Professor Geraldine Hartshorne said: “People feel embarrassed and upset and don’t want to go to the doctor. Men, in particular, can be a little bit reluctant.

“As time goes by and people have been trying for a while, they start to get stressed and upset and that can affect their chances of having sex and then becoming pregnant. Approaching a doctor about a personal matter is daunting, so knowing the right time to start investigations would be a useful step forward.”

Writing in the journal PLoS One, Prof. Geraldine Hartshorne also warns that taking too long to conceive could indicate that the resulting pregnancy might be risky.

The work could help doctors to decide whether to refer patients for costly and uncomfortable tests or advise them to keep trying for a baby a little longer.

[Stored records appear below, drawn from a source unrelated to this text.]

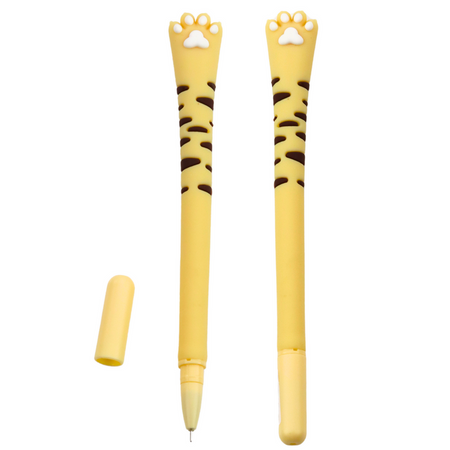 Długopis Żelowy Kocia Łapka Niebieski Tusz Zatyczka Paski Żółty 16,5cm
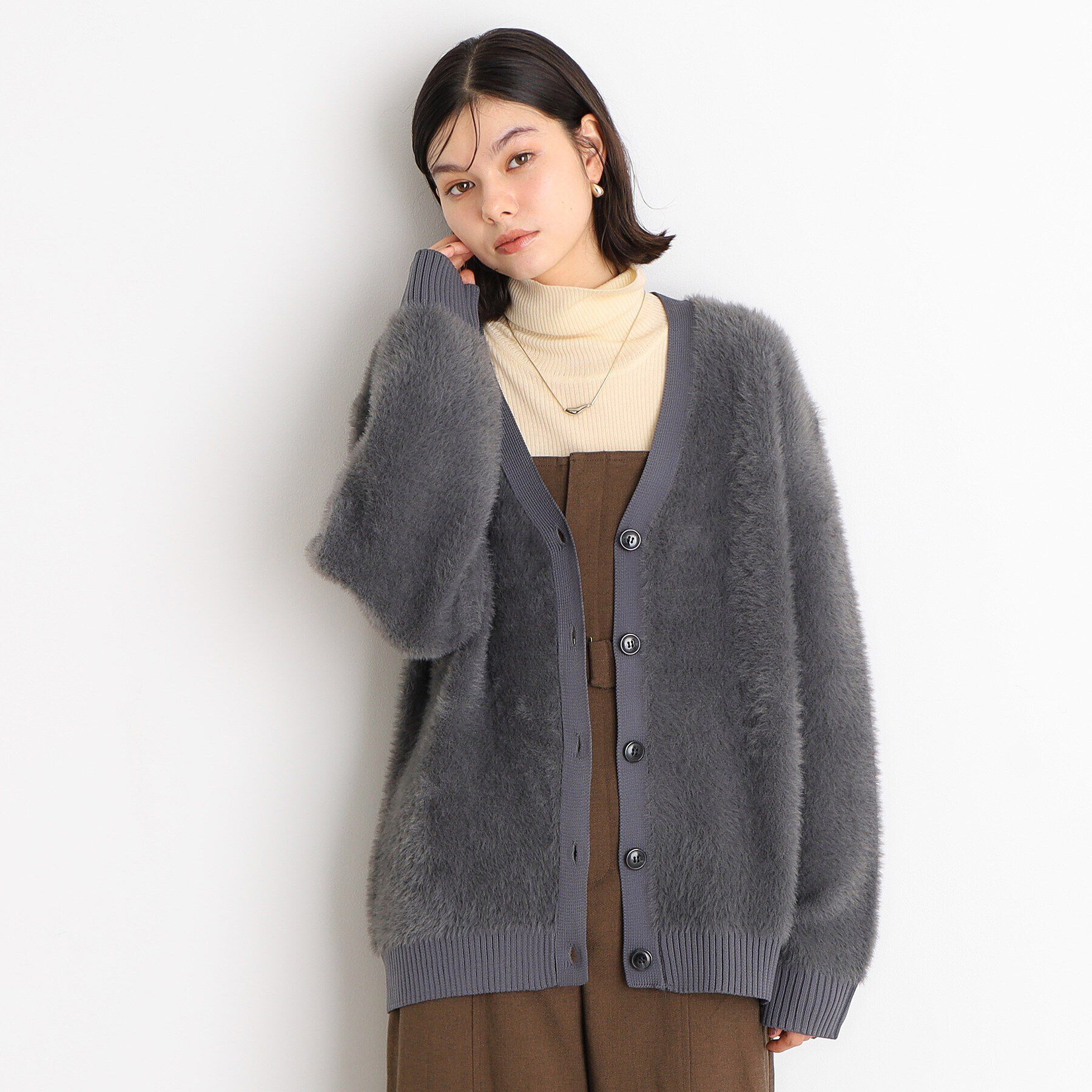 THE SHOP TK「【ライトアウター】フェザーVネックカーディガン/洗える」|カーディガン|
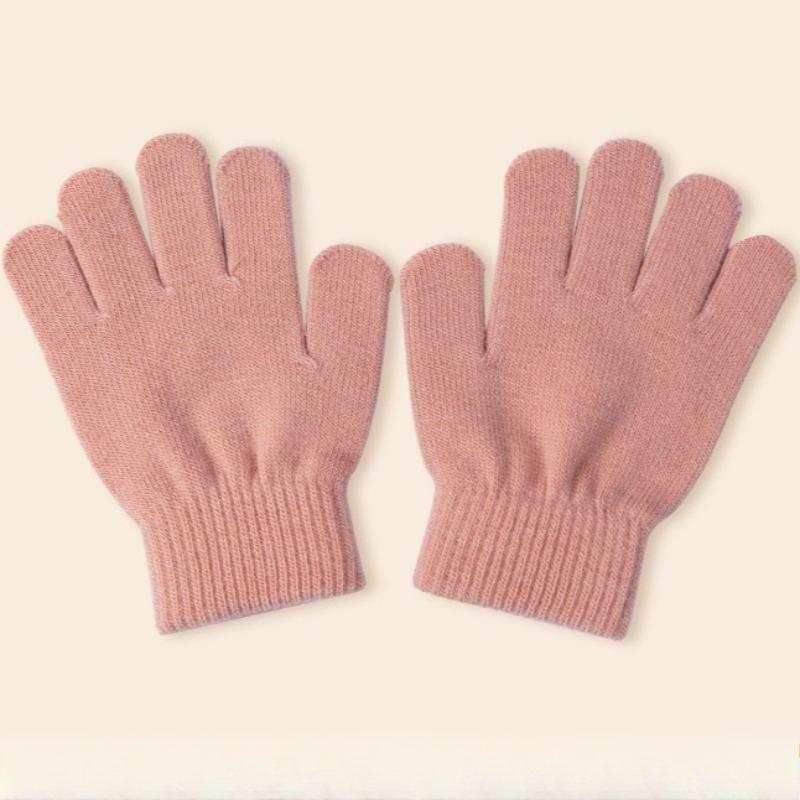 Kids Solid Color Knitted Gloves for 5-10years Students Winter Warmth Outdoor Cycling and Daily Cold Weather Wear Mittens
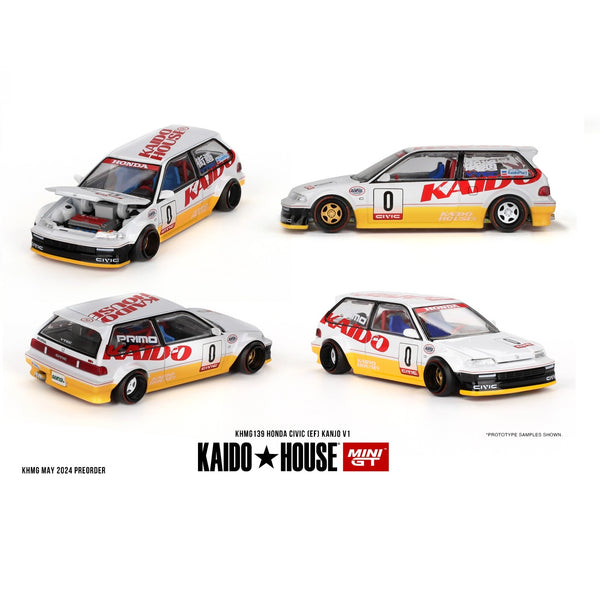 PREORDER MINI GT x Kaido House 1/64 Honda Civic (EF) Kanjo V1 KHMG139 (Approx. Release Date : OCTOBER 2024 subject to manufacturer's final decision)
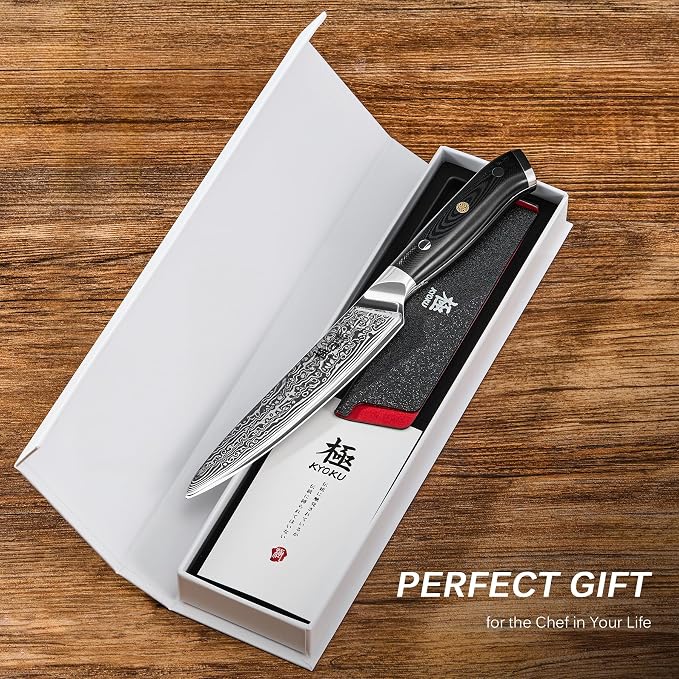 KYOKU Chef Utility Knife - 6" - Shogun Series - Japanese VG10 Steel Core Forged Damascus Blade - with Sheath & Case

The researchers have passed their work to the National Institute for Health and Clinical Excellence, which formulates health guidelines. In future, it may be possible to create an online calculator that provides couples with a personalized prediction.

Prof. Geraldine Hartshorne added that factors such as smoking or being fat are “not the most important things” when it comes to conceiving. However, a healthy lifestyle will boost the odds of a healthy baby.

She said: “If your tubes are blocked, giving up smoking really isn’t going to make a difference, but things like smoking and obesity do have important effects when you do get pregnant and in that respect they should be addressed as soon as possible.”